Why did no other ancient society produce something like the Bible? That a tiny, out of the way community could have created a literary corpus so determinative for peoples across the globe seems improbable.

For Wright, the Bible is not only a testimony of survival, but also an unparalleled achievement in human history. Forged after Babylon’s devastation of Jerusalem, it makes not victory but total humiliation the foundation of a new idea of belonging.

Lamenting the destruction of their homeland, scribes who composed the Bible imagined a promise-filled past while reflecting deeply on abject failure. More than just religious scripture, the Bible began as a trailblazing blueprint for a new form of political community.

Its response to catastrophe offers a powerful message of hope and restoration that is unique in the Ancient Near Eastern and Greco-Roman worlds. Wright’s Bible is thus a social, political, and even economic roadmap – one that enabled a small and obscure community located on the periphery of leading civilizations and empires not just to come back from the brink, but ultimately to shape the world’s destiny. The Bible speaks ultimately of being a united yet diverse people, and its pages present a manual of pragmatic survival strategies for communities confronting societal collapse.

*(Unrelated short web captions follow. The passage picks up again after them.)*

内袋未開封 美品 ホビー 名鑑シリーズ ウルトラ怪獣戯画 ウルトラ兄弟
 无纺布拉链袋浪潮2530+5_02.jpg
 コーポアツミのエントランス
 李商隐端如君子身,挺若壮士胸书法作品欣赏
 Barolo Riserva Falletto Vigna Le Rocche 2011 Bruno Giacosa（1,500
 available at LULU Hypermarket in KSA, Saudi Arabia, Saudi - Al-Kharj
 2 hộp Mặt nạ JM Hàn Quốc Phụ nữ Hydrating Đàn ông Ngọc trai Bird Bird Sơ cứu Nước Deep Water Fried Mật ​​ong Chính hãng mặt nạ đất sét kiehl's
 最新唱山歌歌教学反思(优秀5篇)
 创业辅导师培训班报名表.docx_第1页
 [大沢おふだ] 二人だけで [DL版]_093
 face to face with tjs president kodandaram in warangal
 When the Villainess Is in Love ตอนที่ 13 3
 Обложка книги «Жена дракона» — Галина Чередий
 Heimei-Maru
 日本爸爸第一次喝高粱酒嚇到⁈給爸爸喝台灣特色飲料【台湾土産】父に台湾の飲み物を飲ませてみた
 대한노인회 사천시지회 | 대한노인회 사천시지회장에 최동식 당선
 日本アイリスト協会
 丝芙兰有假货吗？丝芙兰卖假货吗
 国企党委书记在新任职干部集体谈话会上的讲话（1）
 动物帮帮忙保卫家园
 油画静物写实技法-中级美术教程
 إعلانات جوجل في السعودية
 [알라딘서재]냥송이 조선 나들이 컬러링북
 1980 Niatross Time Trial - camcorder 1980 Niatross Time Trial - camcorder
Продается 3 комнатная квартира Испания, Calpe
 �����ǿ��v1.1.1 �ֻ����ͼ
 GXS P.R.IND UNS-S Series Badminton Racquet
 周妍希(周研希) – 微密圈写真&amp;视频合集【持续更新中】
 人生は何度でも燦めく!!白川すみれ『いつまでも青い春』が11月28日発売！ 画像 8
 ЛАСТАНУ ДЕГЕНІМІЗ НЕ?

“Profoundly insightful. Wright demonstrates how ancient Israel and Judah developed the resources to construct a resilient nationhood not in spite of but, paradoxically, because of the experience of military defeat, economic devastation, and diaspora. No other kingdom of the ancient Near East was able to do so. Today, as so many communities, peoples and nations face similar critical threats to their existence, Wright’s book provides a fascinating and incisively argued case study of how one people drew upon its cultural resources not simply to survive but to generate a vibrantly creative intellectual and spiritual tradition.”